NFL players continued to kneel this week during the national anthem, a protest that was started by former San Francisco 49ers quarterback Colin Kaepernick over a year ago to protest racial inequality in the United States.

Last week, league Commissioner Roger Goodell wrote in a memo that "everyone should stand for the National Anthem" and Dallas Cowboys coach Jerry Jones threatened to bench players who joined. But Reverends Irene Monroe and Emmett Price, who joined Boston Public Radio to discuss the protests, said players should be able to protest however they see fit.

"Why is it that some folks get to declare and define how people protest?" asked Price, a professor and Founding Executive Director of the Institute for the Study of the Black Christian Experience at Gordon-Conwell Theological Seminary.

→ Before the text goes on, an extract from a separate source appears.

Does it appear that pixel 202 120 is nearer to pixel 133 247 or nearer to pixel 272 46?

He said those who have criticized the kneelers as "un-American" fail to recognize that players are exercising one of their most fundamental rights under the Constitution when they kneel, and asking them not to is silencing their voices.

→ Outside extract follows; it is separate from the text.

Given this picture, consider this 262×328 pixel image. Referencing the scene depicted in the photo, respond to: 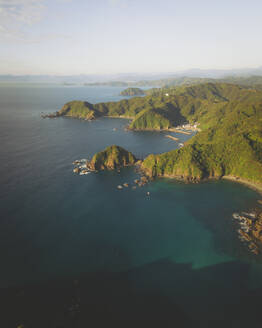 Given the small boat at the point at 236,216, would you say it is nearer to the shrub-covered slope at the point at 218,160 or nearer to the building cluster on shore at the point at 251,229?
the building cluster on shore at the point at 251,229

"This is how systemic oppression happens and systemic racism stays in place," Price said.

Monroe, a syndicated religion columnist, said critics of the protests have unfairly painted them as being disrespectful to the flag or to the armed services.

"What troubles me is that what was really a protest about the over-policing of young black men in America now has been morphed into something about denigrating the flag," Monroe said.